__TRY IT__: Please, without any pictures, set down exactly the part of the listing below that opens with the line containing "المستشار عزت أبو" and closes with the line containing "Pokémon Center Pin".

__EXTRACTED MATERIAL__:

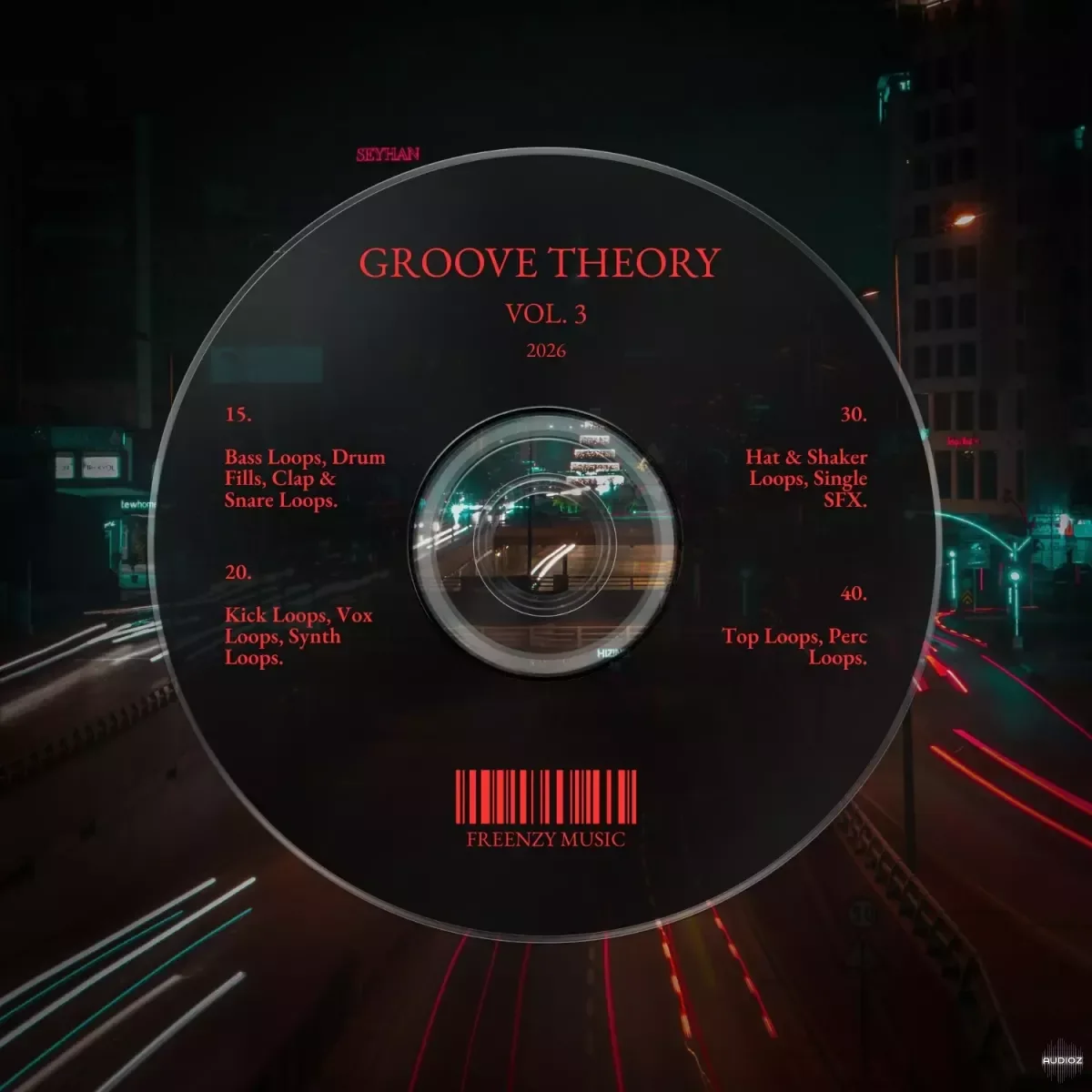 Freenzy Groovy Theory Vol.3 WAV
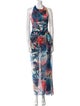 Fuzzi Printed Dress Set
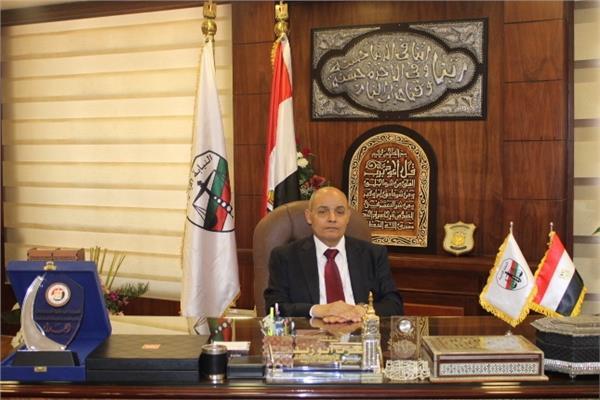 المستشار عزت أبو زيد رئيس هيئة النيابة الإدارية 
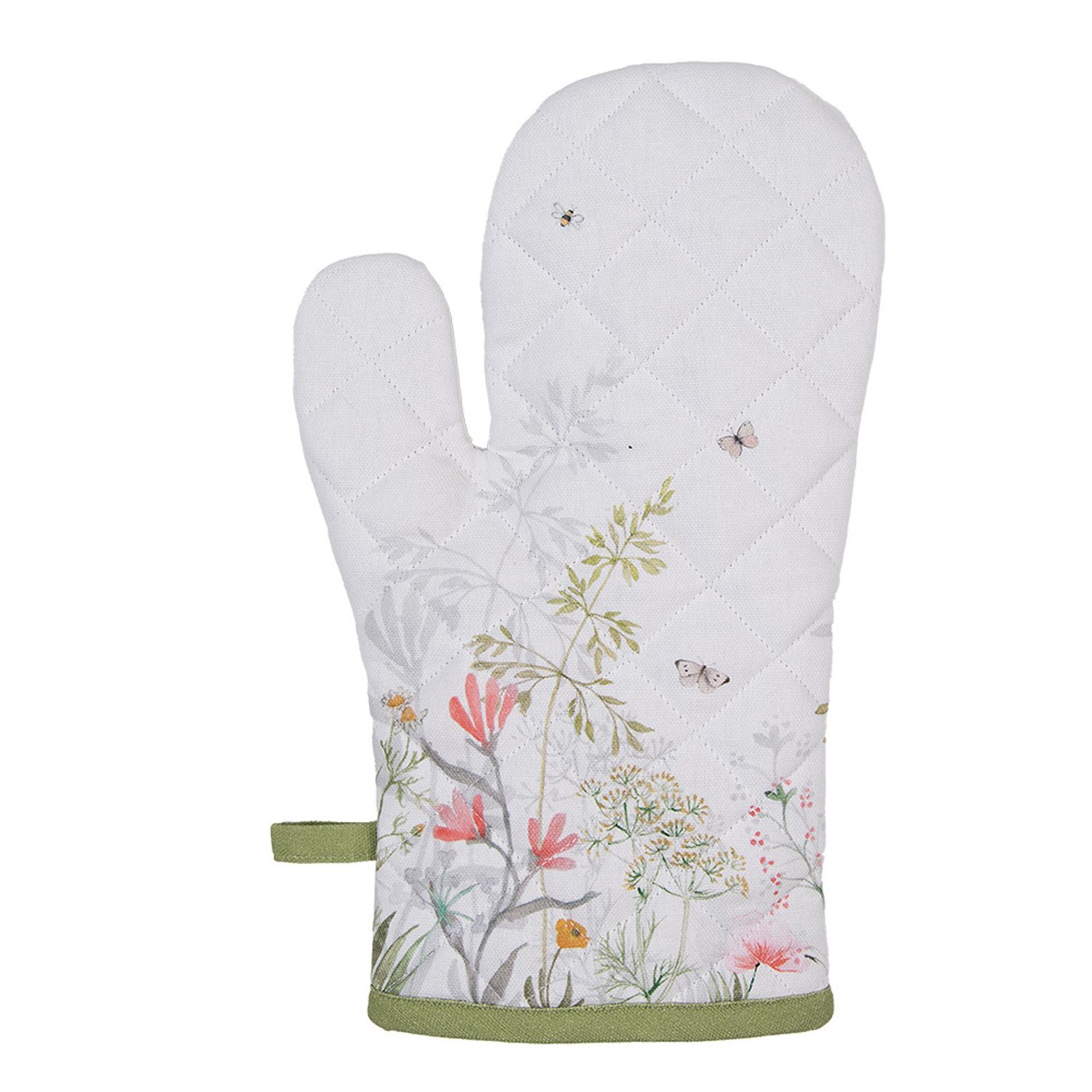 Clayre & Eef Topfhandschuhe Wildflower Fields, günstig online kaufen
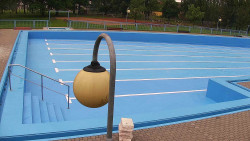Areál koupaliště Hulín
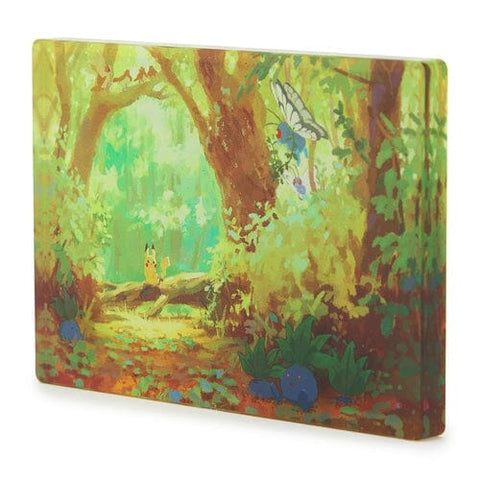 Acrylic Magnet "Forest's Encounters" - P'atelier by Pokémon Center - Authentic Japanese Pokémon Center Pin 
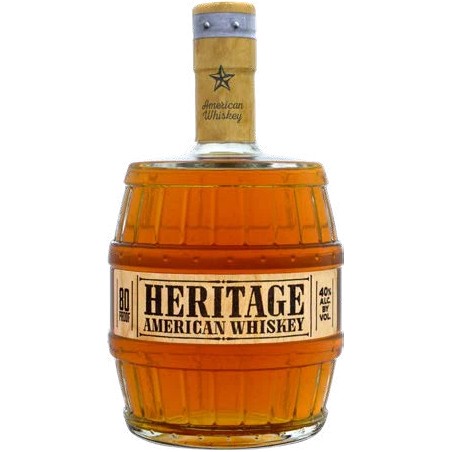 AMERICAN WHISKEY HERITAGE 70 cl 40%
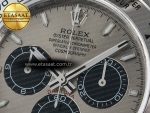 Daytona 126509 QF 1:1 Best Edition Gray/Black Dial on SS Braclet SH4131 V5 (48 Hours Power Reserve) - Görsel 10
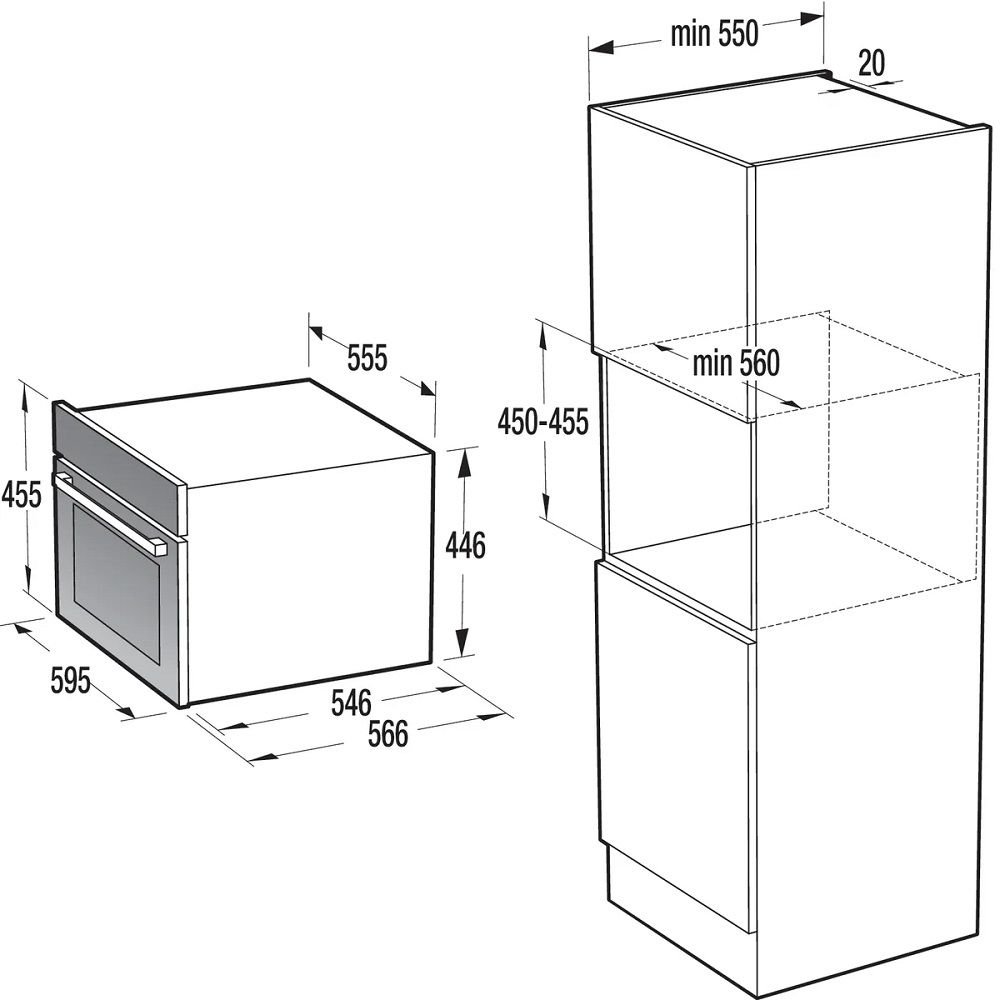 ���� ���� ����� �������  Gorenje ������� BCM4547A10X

__FINAL ANSWER__:
 المستشار عزت أبو زيد رئيس هيئة النيابة الإدارية 
 Clayre & Eef Topfhandschuhe Wildflower Fields, günstig online kaufen
Areál koupaliště Hulín
 Acrylic Magnet "Forest's Encounters" - P'atelier by Pokémon Center - Authentic Japanese Pokémon Center Pin 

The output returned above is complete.